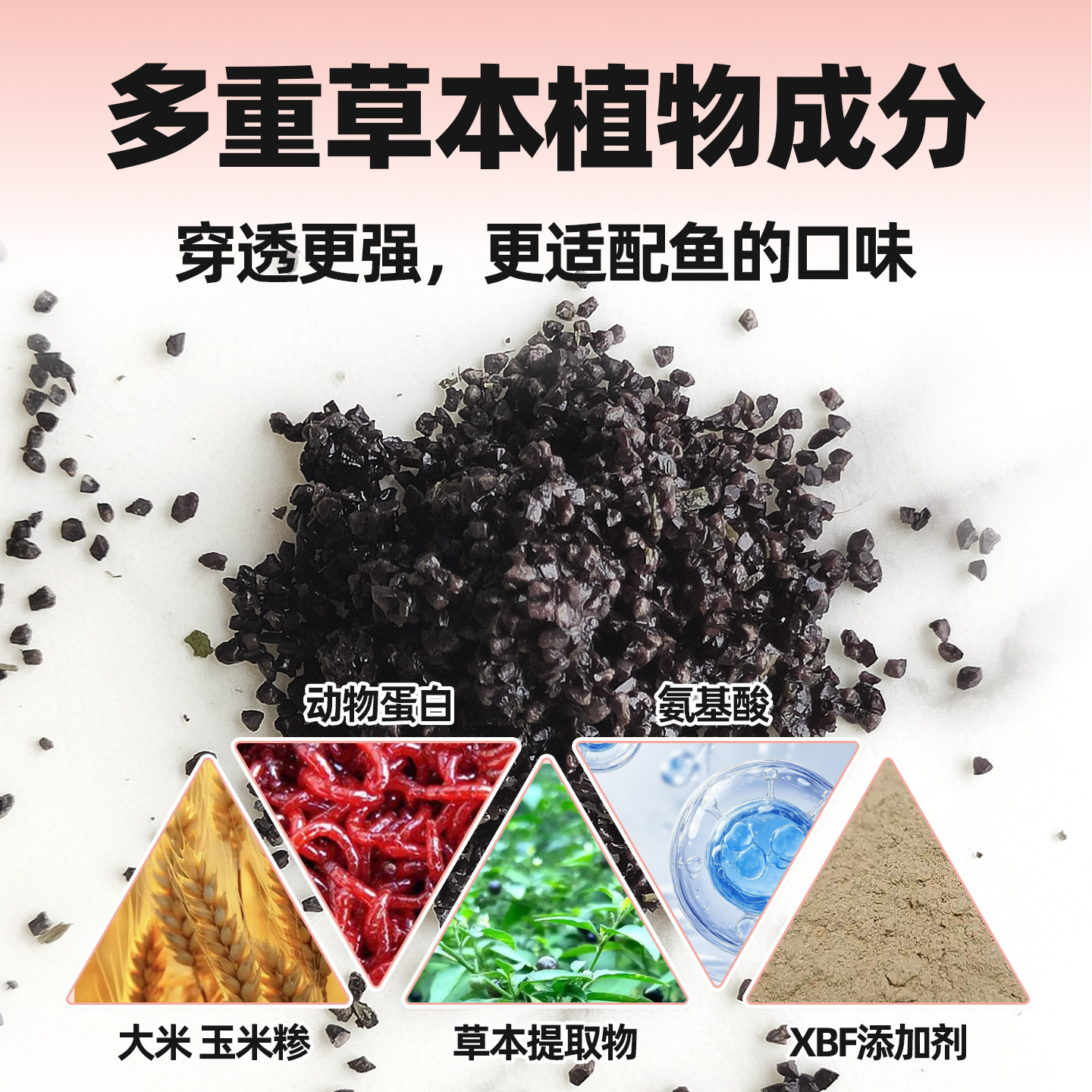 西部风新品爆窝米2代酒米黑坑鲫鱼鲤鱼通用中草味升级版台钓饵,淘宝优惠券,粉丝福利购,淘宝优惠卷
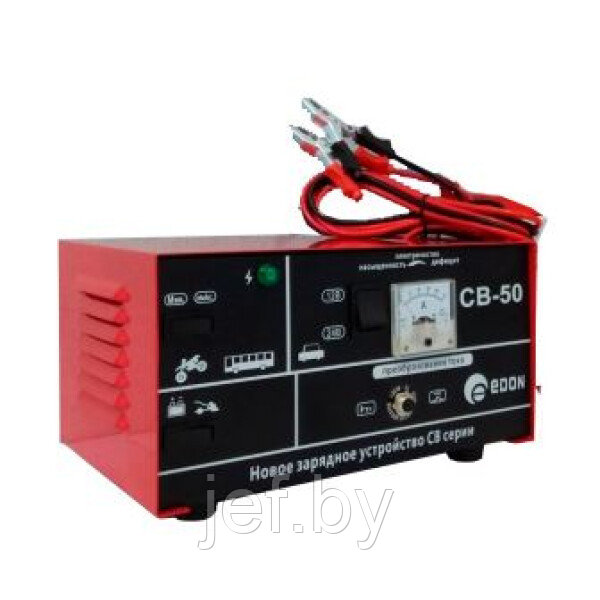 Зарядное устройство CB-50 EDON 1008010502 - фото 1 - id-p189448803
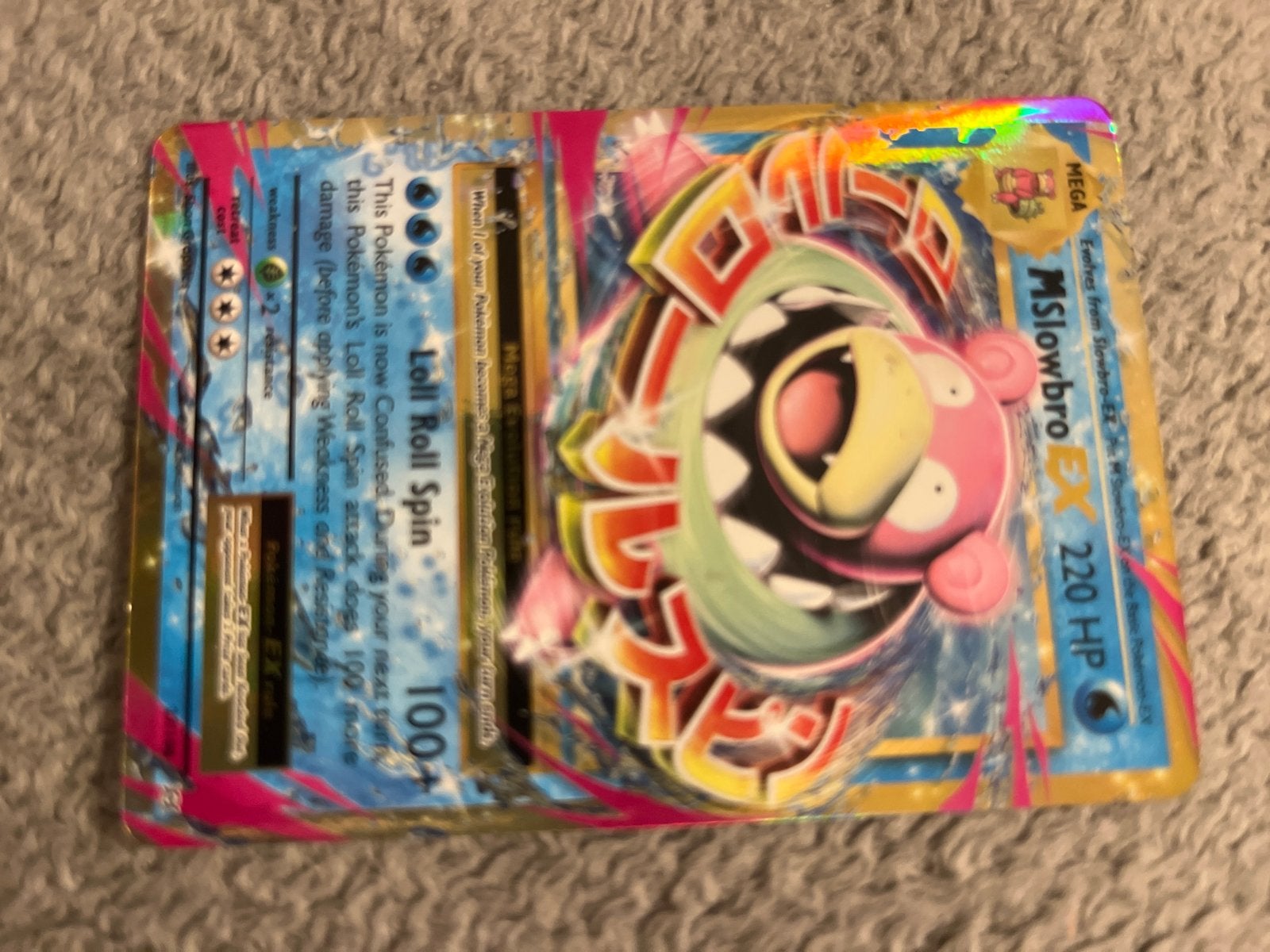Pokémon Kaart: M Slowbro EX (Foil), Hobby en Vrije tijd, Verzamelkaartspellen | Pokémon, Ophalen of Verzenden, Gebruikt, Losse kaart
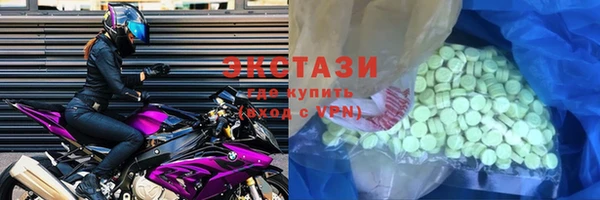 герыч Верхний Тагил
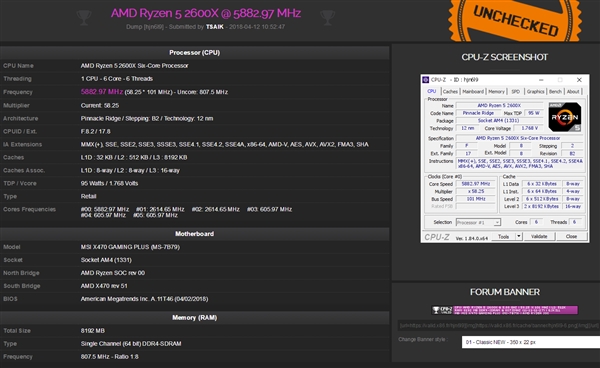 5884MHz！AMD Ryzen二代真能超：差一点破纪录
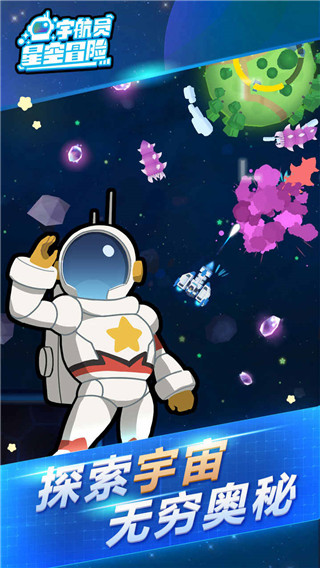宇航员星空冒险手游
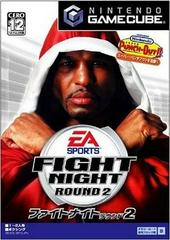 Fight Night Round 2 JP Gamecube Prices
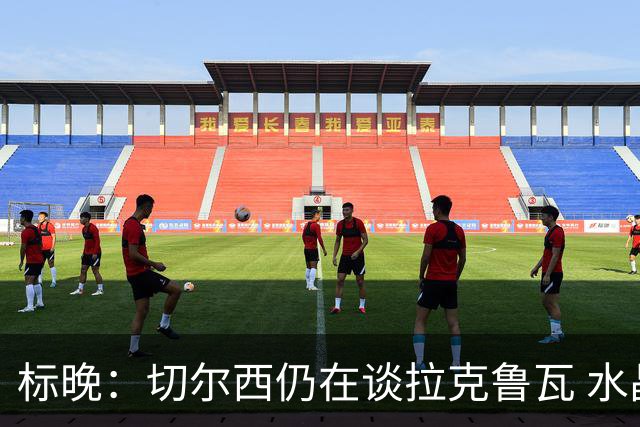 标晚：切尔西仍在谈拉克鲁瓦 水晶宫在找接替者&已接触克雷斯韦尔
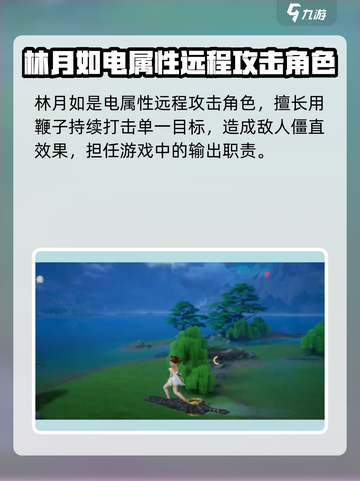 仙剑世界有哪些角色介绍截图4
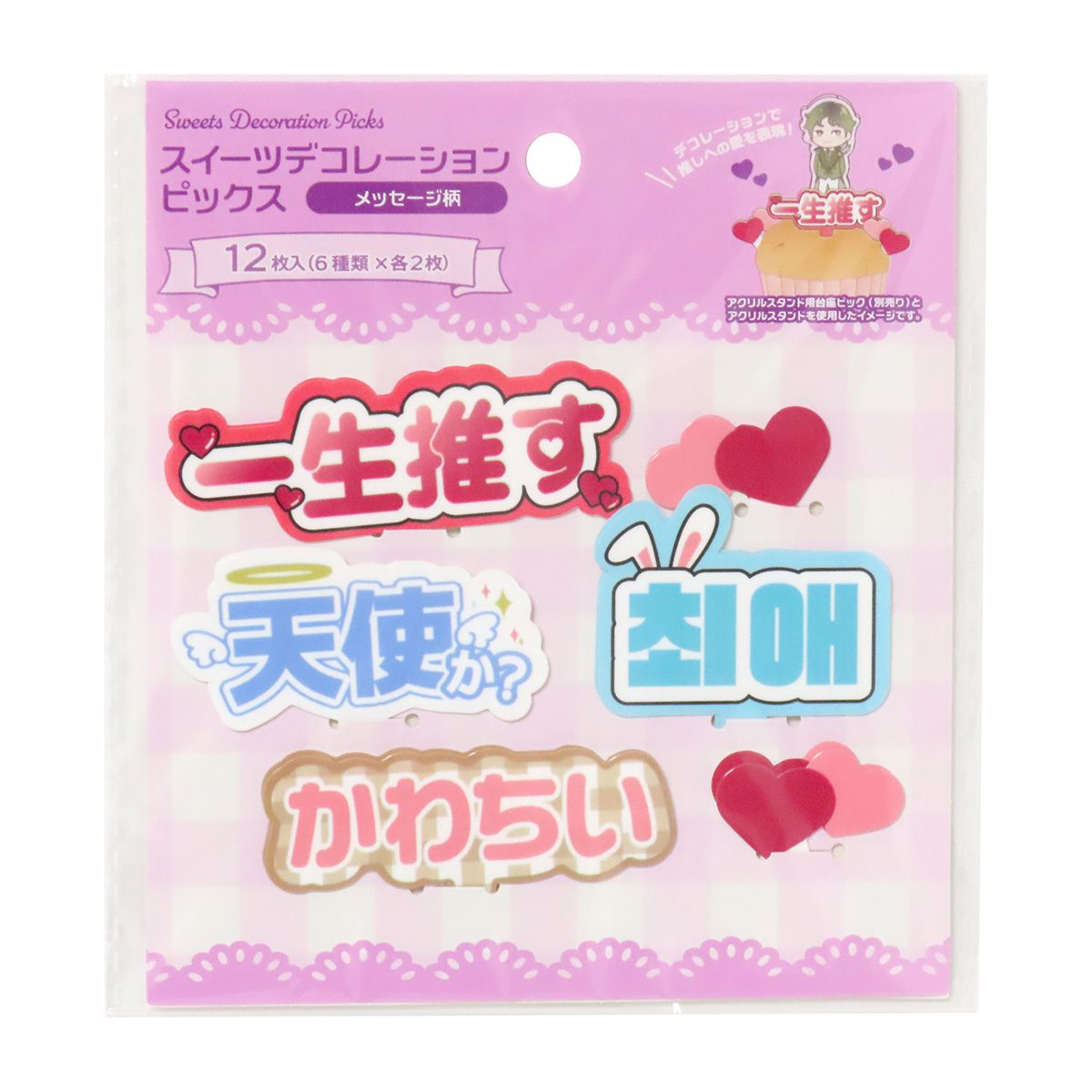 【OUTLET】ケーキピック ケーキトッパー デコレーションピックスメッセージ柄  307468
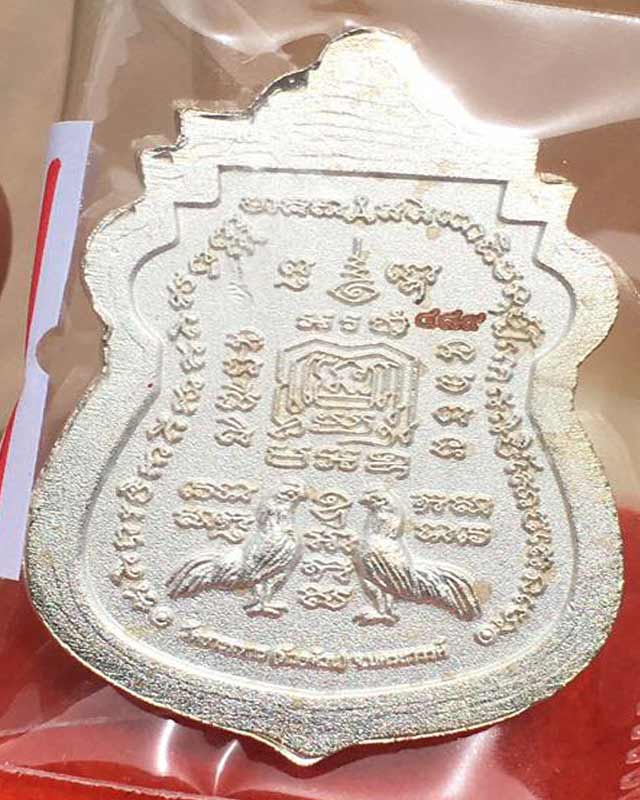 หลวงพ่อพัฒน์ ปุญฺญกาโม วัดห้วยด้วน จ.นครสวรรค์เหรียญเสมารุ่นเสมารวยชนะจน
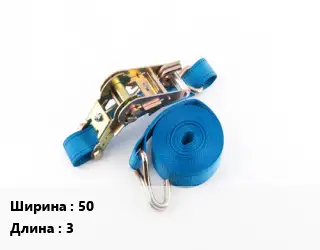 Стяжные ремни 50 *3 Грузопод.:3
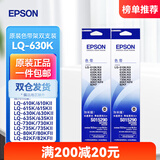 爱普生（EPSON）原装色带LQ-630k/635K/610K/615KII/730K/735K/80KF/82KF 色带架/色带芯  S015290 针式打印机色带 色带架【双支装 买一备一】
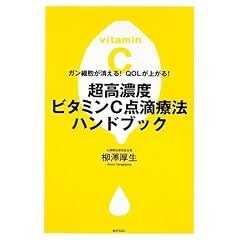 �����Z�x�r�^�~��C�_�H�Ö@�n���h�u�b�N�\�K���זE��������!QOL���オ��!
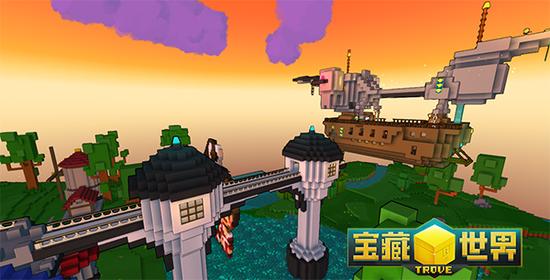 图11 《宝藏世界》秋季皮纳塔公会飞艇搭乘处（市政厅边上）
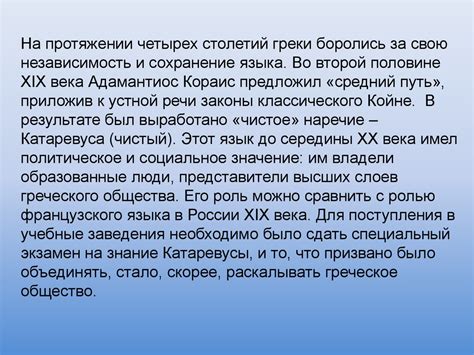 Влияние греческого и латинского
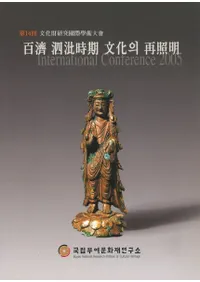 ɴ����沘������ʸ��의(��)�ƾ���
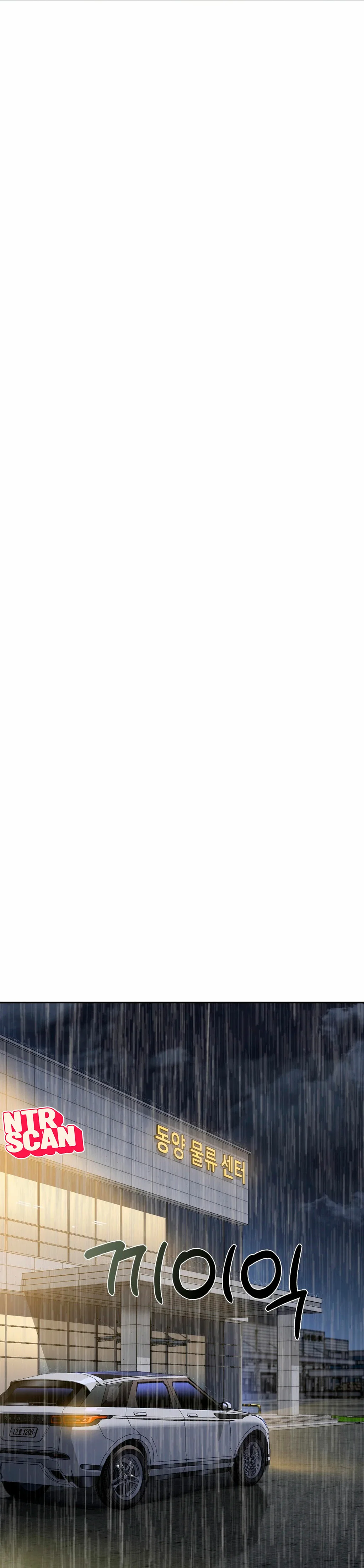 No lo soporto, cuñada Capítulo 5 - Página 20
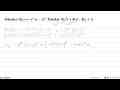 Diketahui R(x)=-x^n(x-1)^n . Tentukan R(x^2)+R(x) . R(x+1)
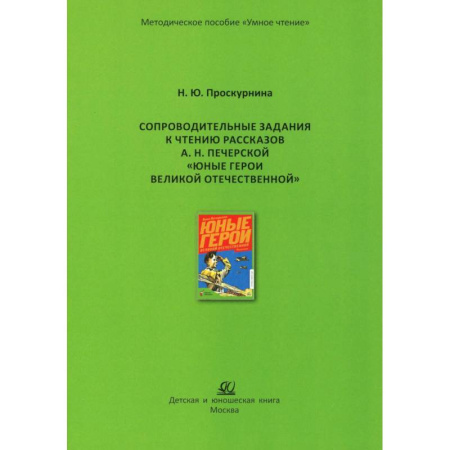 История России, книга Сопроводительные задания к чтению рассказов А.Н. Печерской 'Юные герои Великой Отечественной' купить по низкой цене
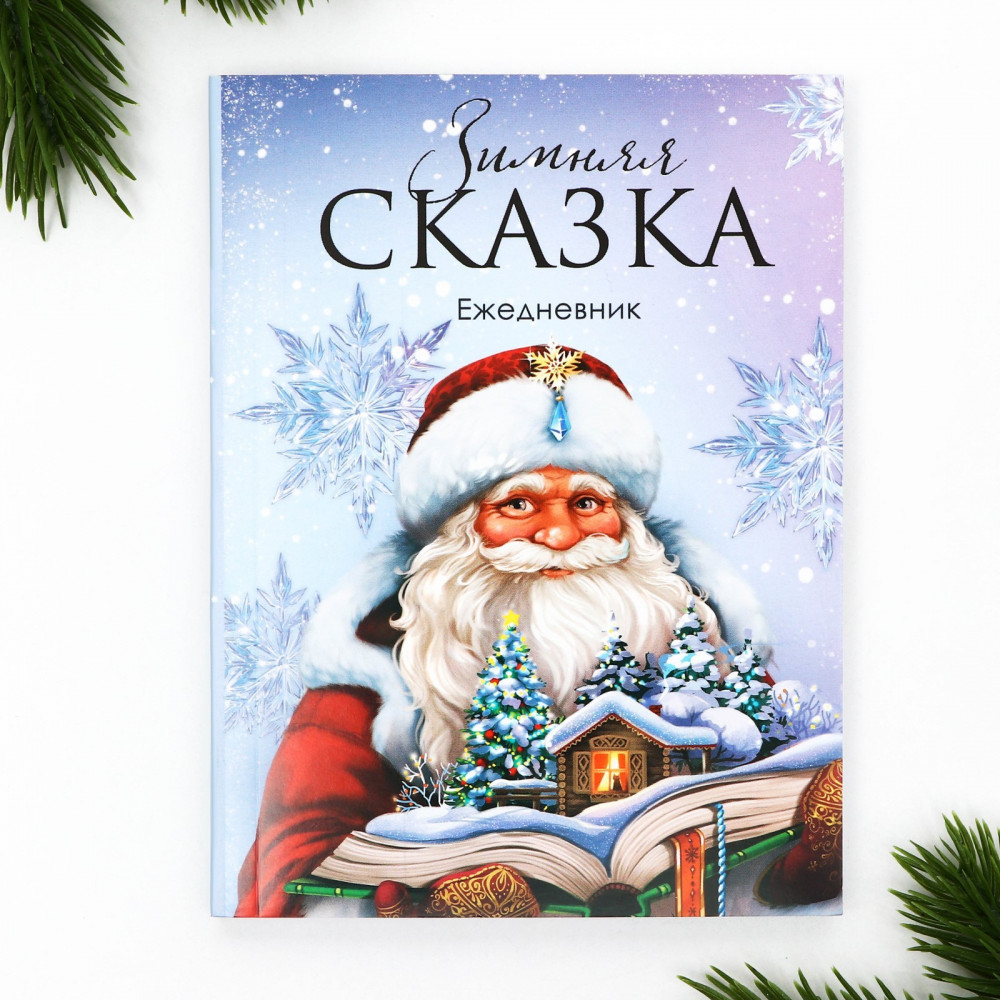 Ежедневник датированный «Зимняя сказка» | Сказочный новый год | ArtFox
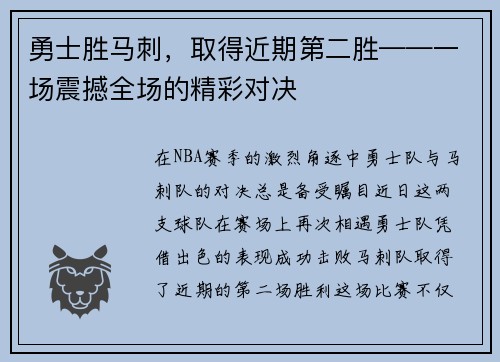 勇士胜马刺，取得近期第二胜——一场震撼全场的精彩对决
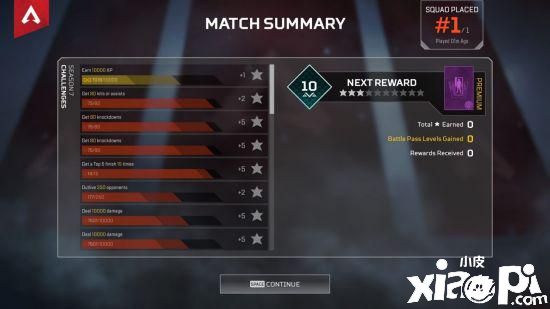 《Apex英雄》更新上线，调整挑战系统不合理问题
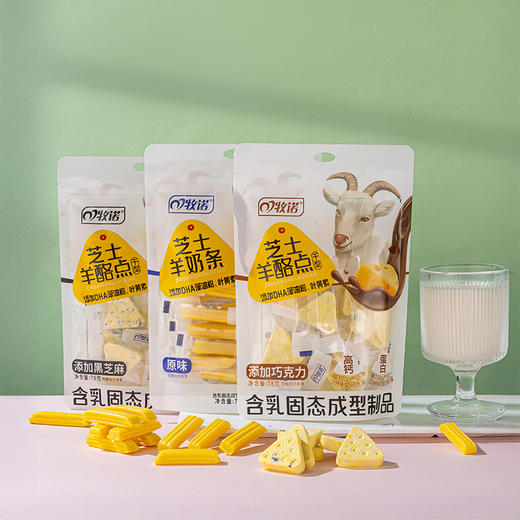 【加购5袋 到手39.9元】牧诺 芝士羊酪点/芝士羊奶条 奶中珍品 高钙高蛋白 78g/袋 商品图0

----

● **What you need to do**
The range to print runs from the line with "Влияние греческого и латинского" through the last line of the entries, both included; keep it exact and skip the pictures.

● **Answer to the problem**
 Влияние греческого и латинского
 ɴ����沘������ʸ��의(��)�ƾ���
 No lo soporto, cuñada Capítulo 5 - Página 20
 Diketahui R(x)=-x^n(x-1)^n . Tentukan R(x^2)+R(x) . R(x+1)
 История России, книга Сопроводительные задания к чтению рассказов А.Н. Печерской 'Юные герои Великой Отечественной' купить по низкой цене
 Ежедневник датированный «Зимняя сказка» | Сказочный новый год | ArtFox
 勇士胜马刺，取得近期第二胜——一场震撼全场的精彩对决
 《Apex英雄》更新上线，调整挑战系统不合理问题
 【加购5袋 到手39.9元】牧诺 芝士羊酪点/芝士羊奶条 奶中珍品 高钙高蛋白 78g/袋 商品图0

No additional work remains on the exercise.